• _Problem_
Your answer must be an exact copy of the records below, minus any images.

-- Entries provided follows --

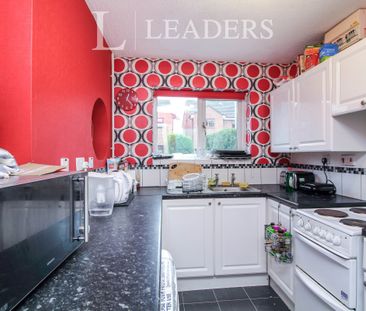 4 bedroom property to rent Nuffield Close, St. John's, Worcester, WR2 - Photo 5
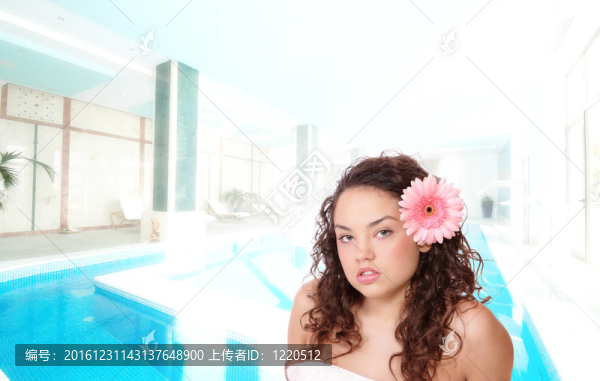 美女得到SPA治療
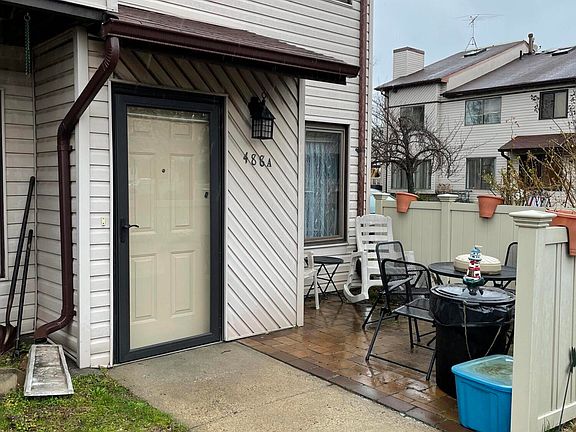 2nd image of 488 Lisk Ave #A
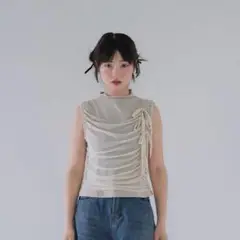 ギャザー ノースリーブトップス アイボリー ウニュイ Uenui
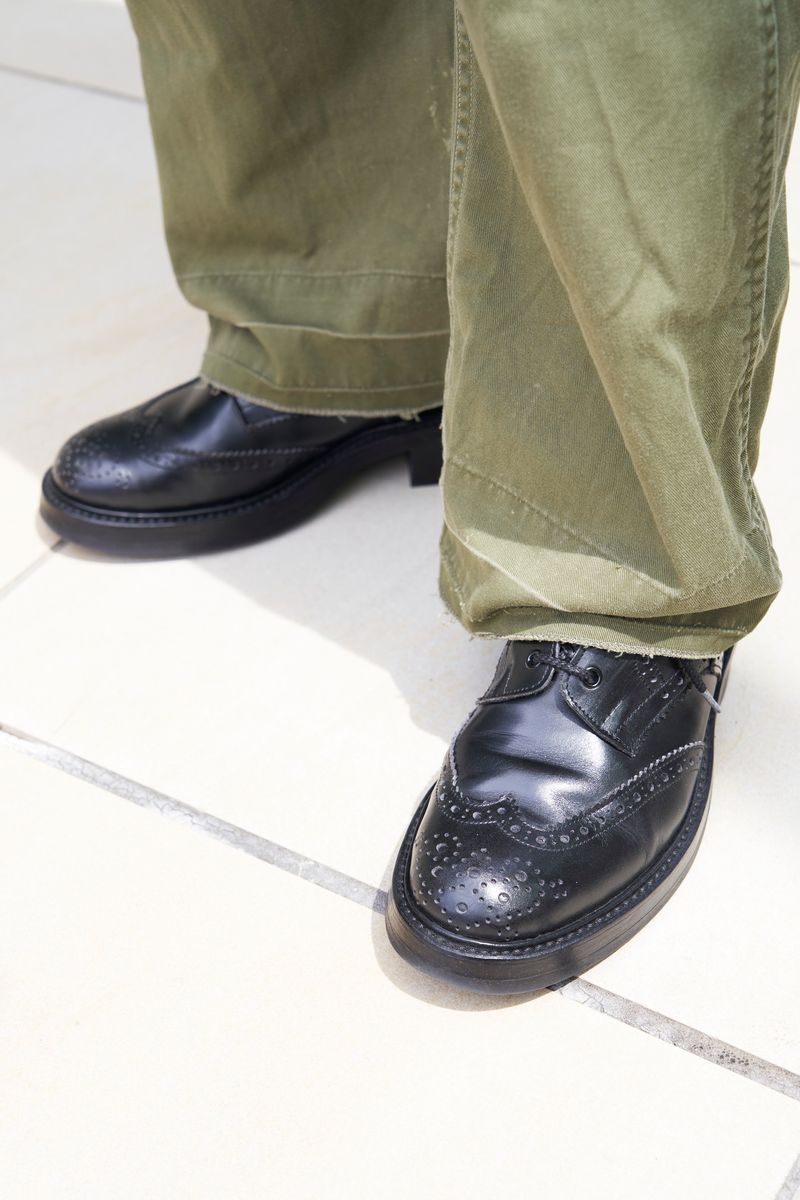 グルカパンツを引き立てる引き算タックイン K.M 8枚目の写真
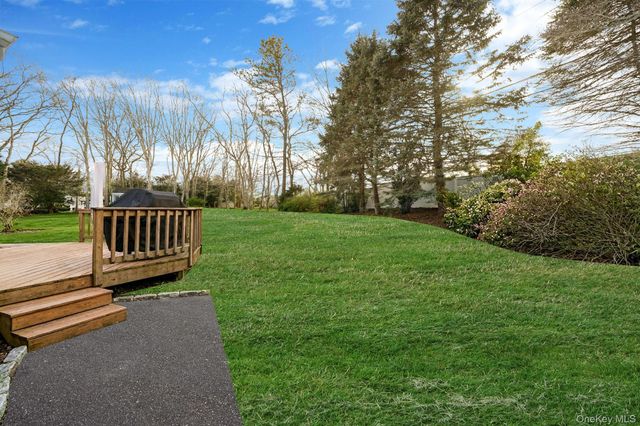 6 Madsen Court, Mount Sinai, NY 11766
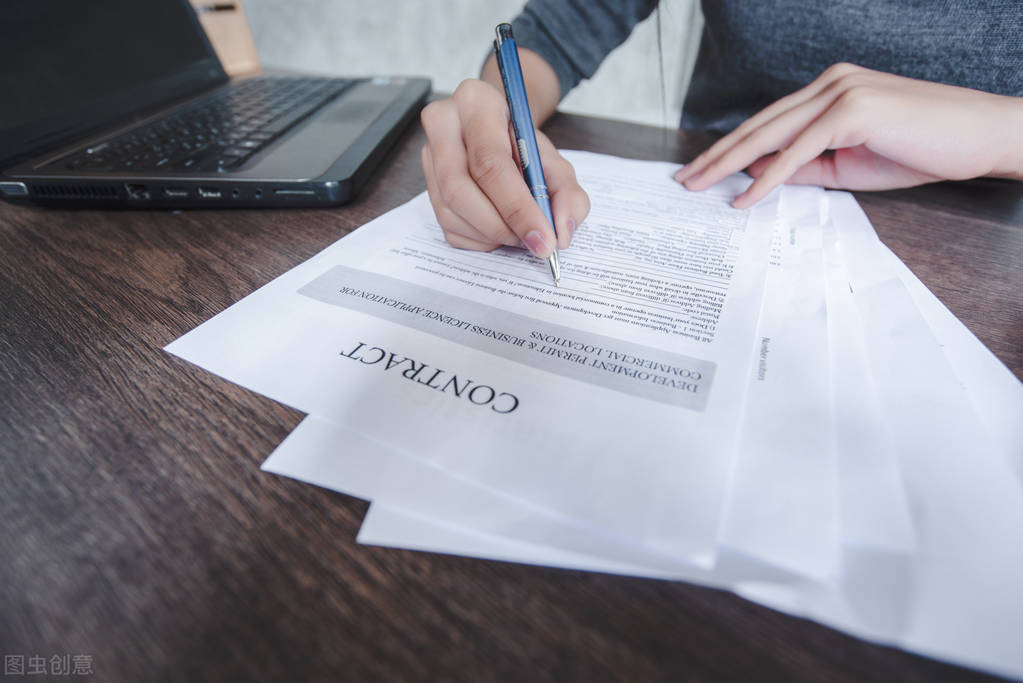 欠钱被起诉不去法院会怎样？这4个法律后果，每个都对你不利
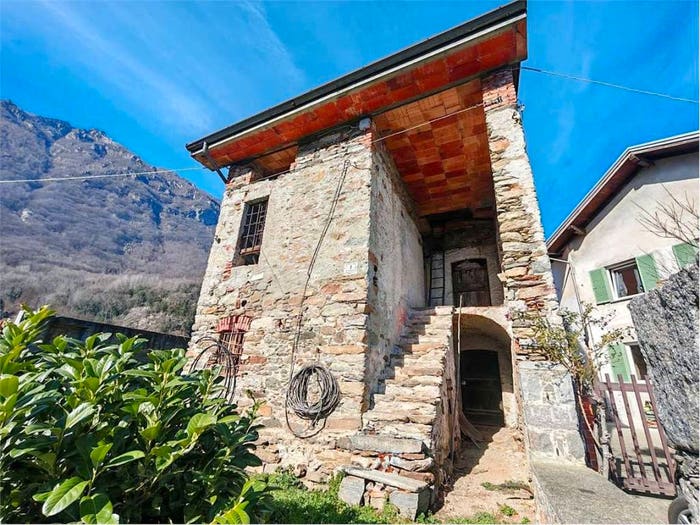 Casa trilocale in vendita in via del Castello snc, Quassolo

-- Entries provided concluded --

• _Answer to the problem_
 4 bedroom property to rent Nuffield Close, St. John's, Worcester, WR2 - Photo 5
 美女得到SPA治療
 2nd image of 488 Lisk Ave #A
 ギャザー ノースリーブトップス アイボリー ウニュイ Uenui
 グルカパンツを引き立てる引き算タックイン K.M 8枚目の写真
 6 Madsen Court, Mount Sinai, NY 11766
 欠钱被起诉不去法院会怎样？这4个法律后果，每个都对你不利
 Casa trilocale in vendita in via del Castello snc, Quassolo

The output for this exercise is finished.